▶ Aim of the exercise: Lines to return, exactly: from the line with "Miniature : ON" to the line with "It is brought" in the entries below, both included.

Data shown: Begin

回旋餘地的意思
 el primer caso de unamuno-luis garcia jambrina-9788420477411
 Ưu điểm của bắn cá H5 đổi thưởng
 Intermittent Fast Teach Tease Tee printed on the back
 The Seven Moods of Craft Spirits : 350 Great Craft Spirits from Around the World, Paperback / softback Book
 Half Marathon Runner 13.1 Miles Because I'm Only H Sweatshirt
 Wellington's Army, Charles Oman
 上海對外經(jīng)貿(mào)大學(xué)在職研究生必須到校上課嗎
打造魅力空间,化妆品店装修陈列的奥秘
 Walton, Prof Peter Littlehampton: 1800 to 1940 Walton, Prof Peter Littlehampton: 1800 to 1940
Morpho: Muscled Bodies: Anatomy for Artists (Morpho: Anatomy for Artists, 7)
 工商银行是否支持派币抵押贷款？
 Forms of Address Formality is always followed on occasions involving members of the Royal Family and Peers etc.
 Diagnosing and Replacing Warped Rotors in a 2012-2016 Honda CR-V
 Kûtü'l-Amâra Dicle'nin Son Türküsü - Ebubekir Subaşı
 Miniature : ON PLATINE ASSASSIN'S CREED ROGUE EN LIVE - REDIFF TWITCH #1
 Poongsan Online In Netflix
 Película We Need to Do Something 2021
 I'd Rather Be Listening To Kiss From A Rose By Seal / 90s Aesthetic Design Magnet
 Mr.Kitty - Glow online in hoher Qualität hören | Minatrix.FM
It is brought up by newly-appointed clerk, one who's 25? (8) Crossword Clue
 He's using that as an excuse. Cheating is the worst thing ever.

Data shown: End

▶ Output of the exercise:
 Miniature : ON PLATINE ASSASSIN'S CREED ROGUE EN LIVE - REDIFF TWITCH #1
 Poongsan Online In Netflix
 Película We Need to Do Something 2021
 I'd Rather Be Listening To Kiss From A Rose By Seal / 90s Aesthetic Design Magnet
 Mr.Kitty - Glow online in hoher Qualität hören | Minatrix.FM
It is brought up by newly-appointed clerk, one who's 25? (8) Crossword Clue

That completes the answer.